258 neue Fälle am Montag, 528 noch am Sonntag, 228 am Samstag – die Zahl der Neuinfizierten in Italien liest sich wie eine Fieberkurve. Giuliano Rizzardini, Chef der Abteilung ansteckender Krankheiten am Sacco-Spital in Mailand, interpretiert die Ansteckungsraten in Italien seit dem 24. Februar so: «Abgesehen von einigen zu vernachlässigenden statistischen Abweichungen, steckt jeder Neuerkrankte mindestens zwei weitere Personen an. Eben deshalb müssen wir die Kette dieser Ansteckungen unbedingt unterbrechen.»

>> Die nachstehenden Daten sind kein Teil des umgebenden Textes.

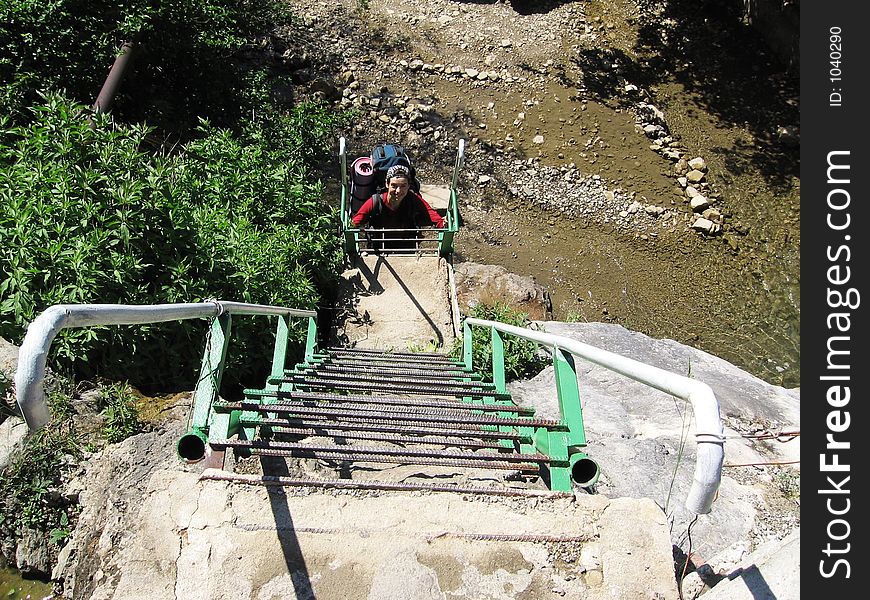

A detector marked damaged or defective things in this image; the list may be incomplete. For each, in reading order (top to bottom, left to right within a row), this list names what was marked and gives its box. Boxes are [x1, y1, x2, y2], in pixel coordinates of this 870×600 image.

Hohes Durchschnittsalter im «Bel Paese»
Der Rückgang jetzt zu Wochenbeginn wird deshalb auch mit Vorsicht gelesen. Noch sei es zu früh, eine Umkehr der Tendenz zu bestätigen. Frühestens Ende dieser Woche, also nach 14 Tagen Inkubationszeit von dem Tag an gerechnet, als der erste Patient in der Provinz Lodi in der Lombardei entdeckt wurde, müssten im besten Fall der Fälle immer weniger Ansteckungsfälle auftreten oder die Zahl der Angesteckten sogar dank immer neuer Genesungen zurückgehen.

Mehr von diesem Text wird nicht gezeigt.